Question posée aux personnes réalisant un diagnostic de mobilité.

La seconde solution, WeMoov, révèle l’existant : cette partie permet de comparer ce que les gens déclare et la réalité des services. Par exemple, certaines personnes peuvent affirmer qu’il n’y a pas de transport en commun alors qu’en réalité il y en a. Le but ici est d’analyser les données afin de voir ce qui pourrait être mis en place : covoiturage, horaires de bureau décalés sur certaines journées, utilisation ponctuelle d’un espace de coworking, mise à disposition de vélos électriques, création d’une nouvelle desserte de bus, changement de place d’un arrêt de bus… Toujours dans cette démarche d’impliquer les personnes concernées, Wever pré-valide ces changements auprès des personnes et lance un pilote de quelques jours. “Des contenus sont envoyés aux utilisateurs de Wever pour qu’ils aillent vers cette alternative de mobilité”, précise Thomas Côte. Enfin, la dernière solution, WeJoy, permet de récompenser les personnes afin de les fidéliser.

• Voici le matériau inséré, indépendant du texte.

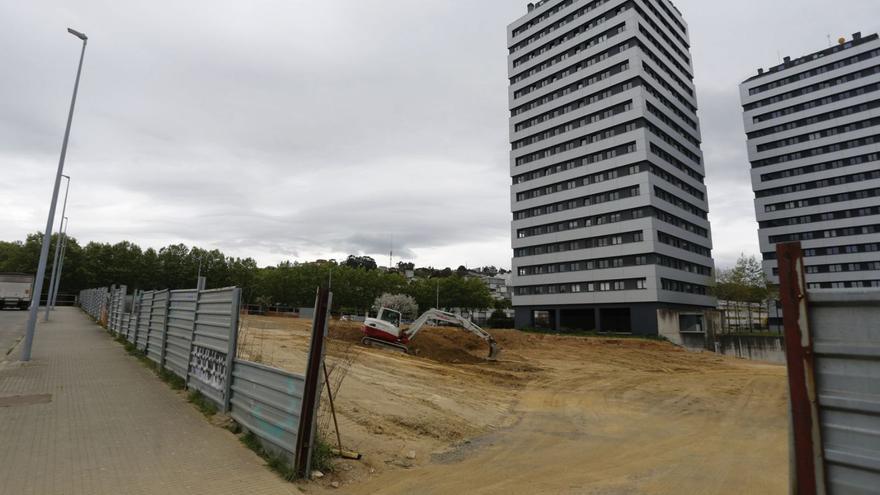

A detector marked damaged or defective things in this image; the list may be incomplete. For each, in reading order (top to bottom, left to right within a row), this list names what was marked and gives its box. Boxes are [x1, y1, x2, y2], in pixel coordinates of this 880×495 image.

rusty metal post [294, 288, 332, 478]
rusty metal post [776, 242, 824, 494]
rusty steel beam [776, 242, 824, 494]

Interface proposant des solutions de mobilité.

Wever veut s’exporter aux Etats-Unis

Le fondateur de Wever salue l’ambiance de “co-innovation” directement instaurée par Transdev. Les deux partenaires ont répondu ensemble à plusieurs appels d’offres, qu’ils n’ont pas forcément remportés. Au-delà de la France, Wever ambitionne d’exporter sa plate-forme en Amérique du Nord, et notamment aux Etats-Unis, grâce à la présence de Transdev dans cette région du globe et aussi via le programme Ubimobility. A travers celui-ci, Wever espère apporter une proposition de valeur aux acteurs souhaitant lancer des flottes de véhicules autonomes. L’idée étant de les aider à comprendre où et comment déployer ces flottes en interrogeant directement les utilisateurs finaux.

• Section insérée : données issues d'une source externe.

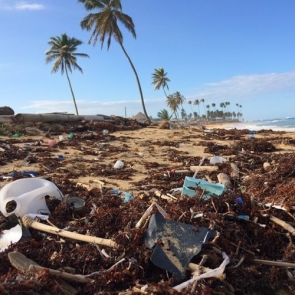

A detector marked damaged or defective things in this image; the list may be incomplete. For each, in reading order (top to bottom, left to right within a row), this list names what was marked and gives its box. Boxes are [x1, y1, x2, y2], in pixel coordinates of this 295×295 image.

broken plastic piece [145, 213, 216, 280]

Source : Pourquoi Wever a séduit Transdev avec son approche de la mobilité

Des robots voituriers à l’aéroport de Lyon

L’aéroport de Lyon a présenté hier un service de robots voituriers, conçu avec l’entreprise française Stanley Robotics, qu’il compte déployer à grande échelle dans les prochaines semaines. Quatre robots tracteront les véhicules pour les garer sur un parking extérieur de longue durée contenant 500 places. À terme, l’aéroport envisage d’étendre le dispositif à 6 000 places. Pour bénéficier de ce service, il faut réserver une place de parking sur le site de l’aéroport, puis déposer son véhicule dans l’un des 12 boxes dédiés. Les robots voituriers le récupèrent pour le placer sur le parking, puis le remettent dans l’un des boxes au retour des voyageurs. Le dispositif doit permettre aux voyageurs de gagner du temps et à l’aéroport de gagner de la place, selon le groupe Aéroports de Lyon, pour lequel il s’agit du premier système au monde de stationnement entièrement automatisé pour un parking en extérieur.